Here is Texas’s explanation for why it believes en banc review is proper:
En banc review is necessary to maintain the uniformity of the Court’s decisions and to consider questions of exceptional importance. In holding that SB14 violates Voting Rights Act §2 based on disparate rates of ID possession, socioeconomic disparities, and historical discrimination—without any evidence of depressed political participation by minority voters—the panel’s decision conflicts with this Court’s decision in League of United Latin American Citizens, Council No. 4434 v. Clements, 999 F.2d 831 (5th Cir. 1993) (en banc), the Seventh Circuit’s decision in Frank v. Walker, 768 F.3d 744 (7th Cir. 2014), and the Ninth Circuit’s decision in Gonzalez v. Arizona, 677 F.3d 383 (9th Cir. 2012) (en banc). The panel’s expansive interpretation of §2 presents two questions of exceptional importance: first, whether the text of §2 imposes liability without proof that the challenged voting qualification causes any inequality in voting opportunities on account of race; and second, if it does, whether the statute exceeds Congress’s power to enforce the Fifteenth Amendment.

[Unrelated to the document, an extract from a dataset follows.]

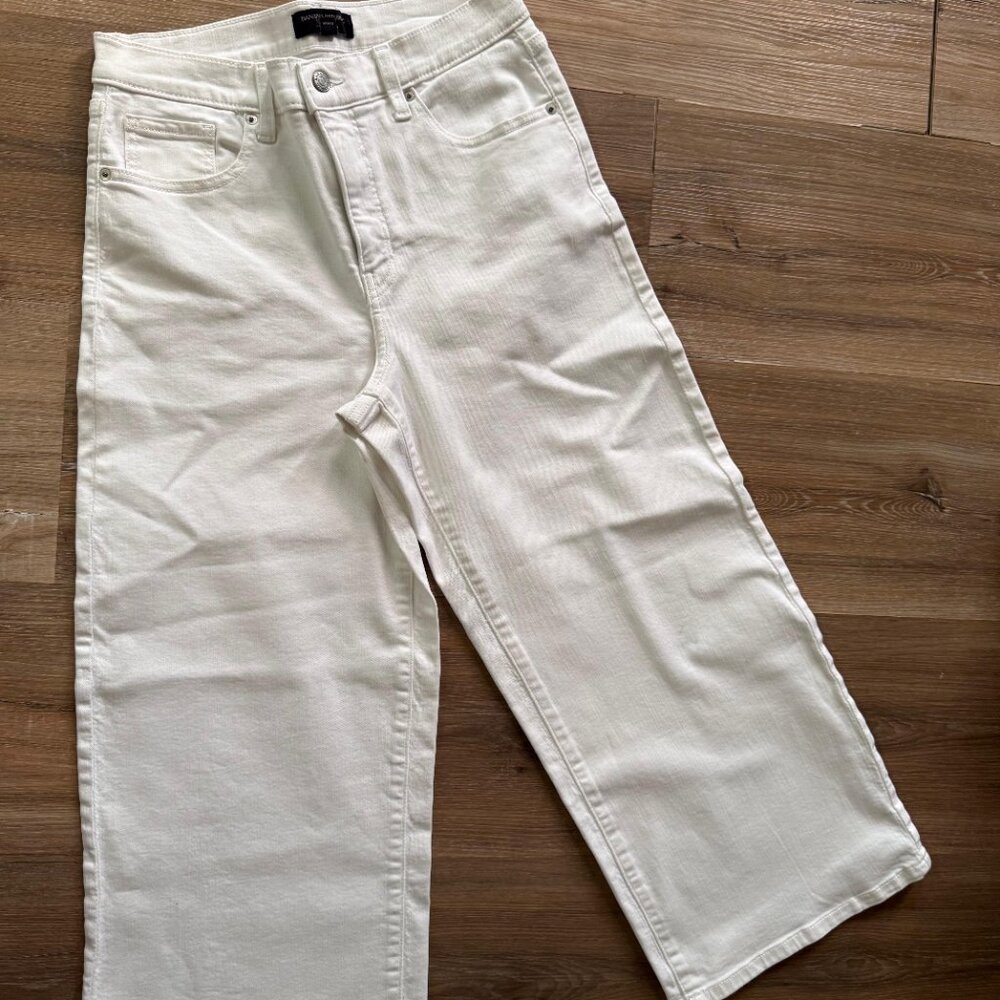 Banana Republic High Rise Wide Leg Cropped Jeans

The panel’s decision creates two additional conflicts. By characterizing the policy behind SB14 as “tenuous” because in-person voter fraud is “rare,” the panel’s decision conflicts with Crawford v. Marion County Election Board, 553 U.S. 181 (2008), and Voting for America, Inc. v. Steen, 732 F.3d 382 (5th Cir. 2013). And by vacating the district court’s finding that SB14 was enacted with a racially discriminatory purpose, but remanding for further consideration even after a complete trial and suggesting that the district court could reopen the evidence, the panel’s decision conflicts with this Court’s decisions in Meche v. Doucet, 777 F.3d 237, 246-47 (5th Cir. 2015), and Aransas Project v. Shaw, 775 F.3d 641, 658 (5th Cir. 2014), cert. denied, 135 S. Ct. 2859 (2015).